═══ Task data ═══
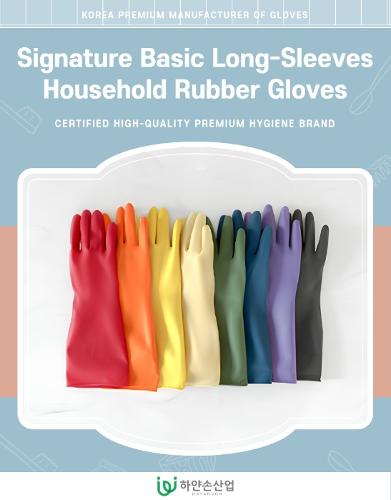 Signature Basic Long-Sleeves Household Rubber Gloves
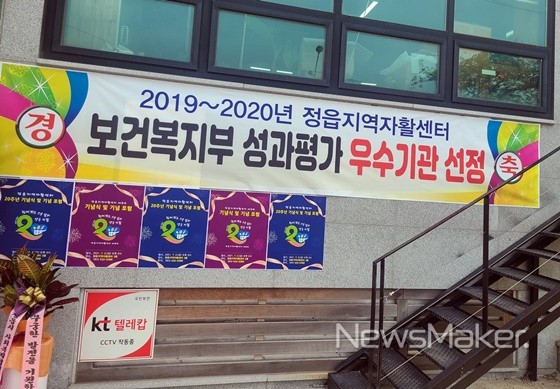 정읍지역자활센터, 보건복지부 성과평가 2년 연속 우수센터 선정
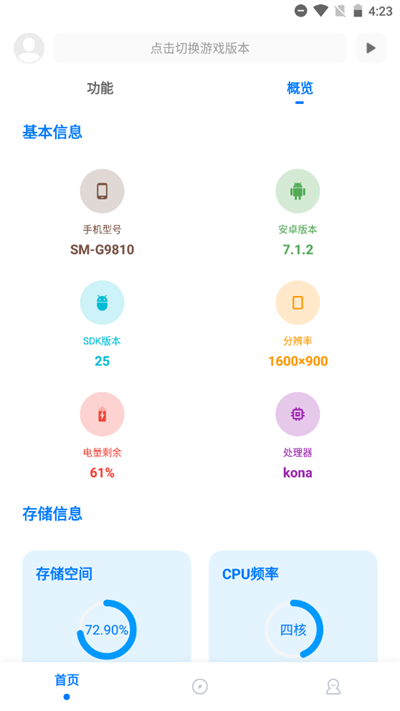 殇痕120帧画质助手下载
═══
═══ Task data ═══
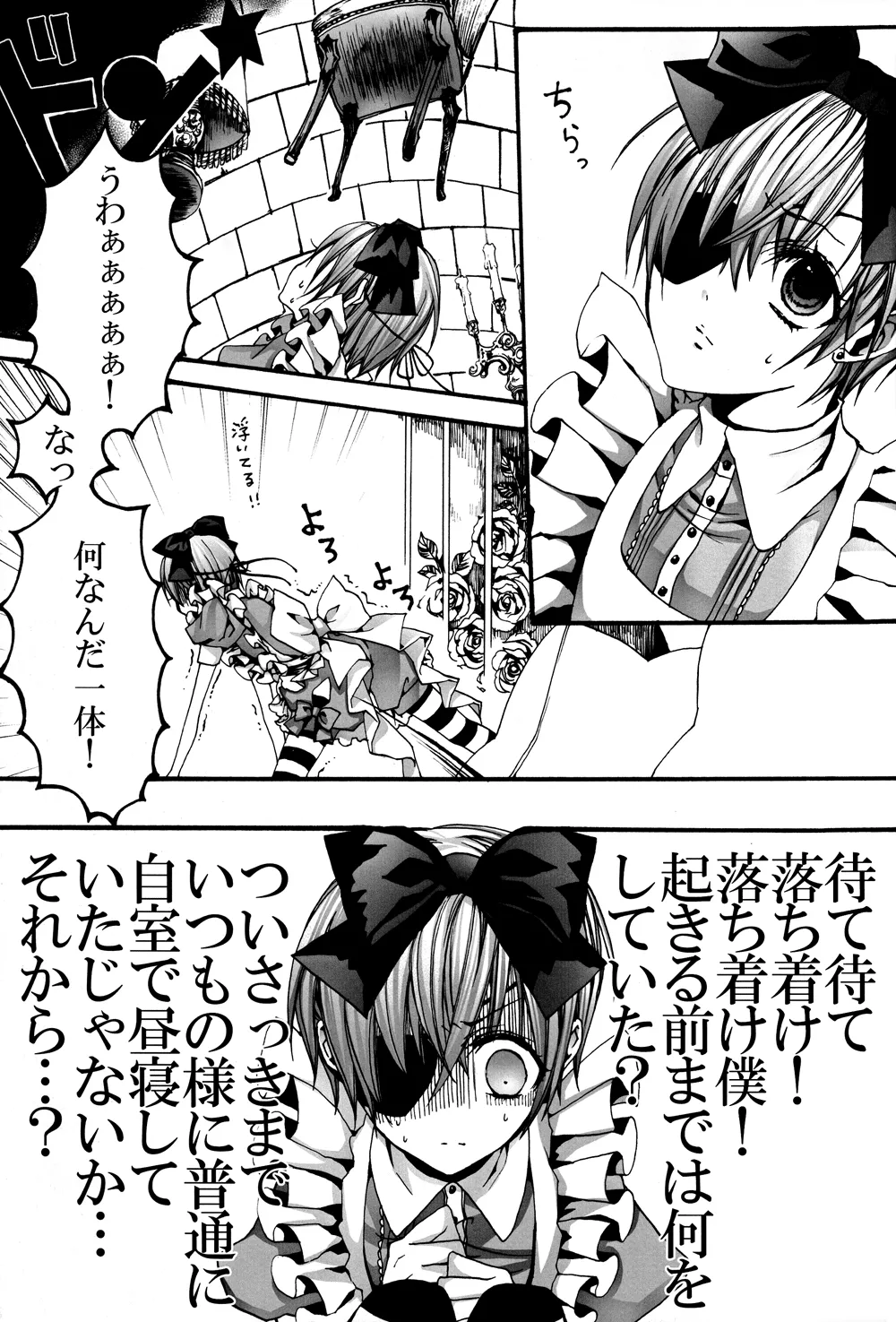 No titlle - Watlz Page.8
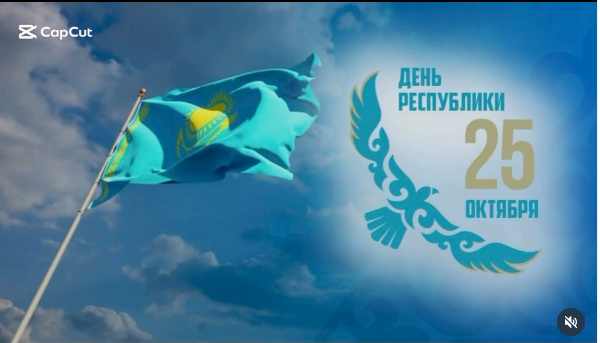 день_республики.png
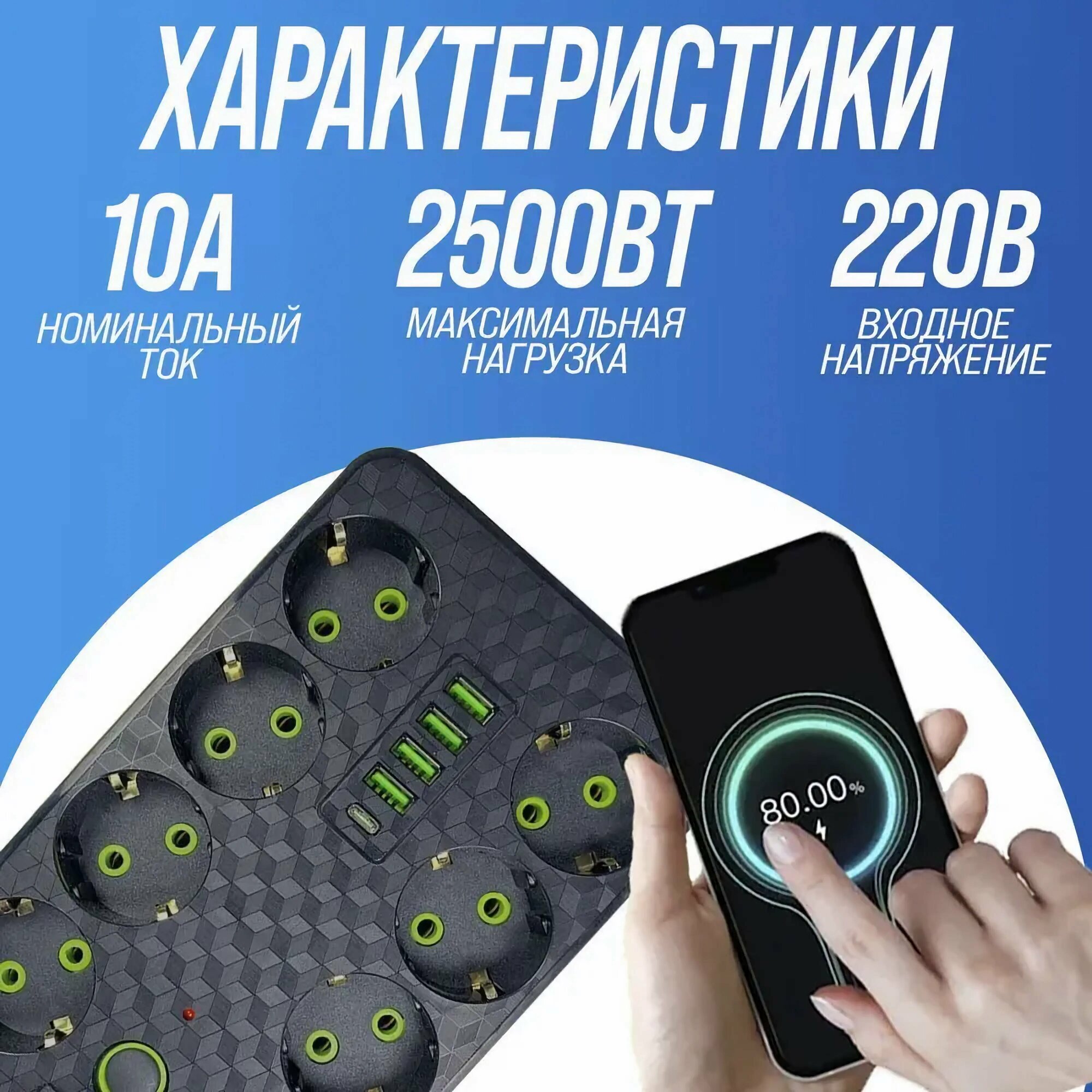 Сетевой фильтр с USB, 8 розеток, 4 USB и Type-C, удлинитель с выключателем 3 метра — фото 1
═══
### Exercise
Beginning with the line that contains "Signature Basic Long-Sleeves", write out the lines of the material above exactly, and end with the line that contains "殇痕120帧画质助手下载". Omit the pictures.

### Solved problem
 Signature Basic Long-Sleeves Household Rubber Gloves
 정읍지역자활센터, 보건복지부 성과평가 2년 연속 우수센터 선정
 殇痕120帧画质助手下载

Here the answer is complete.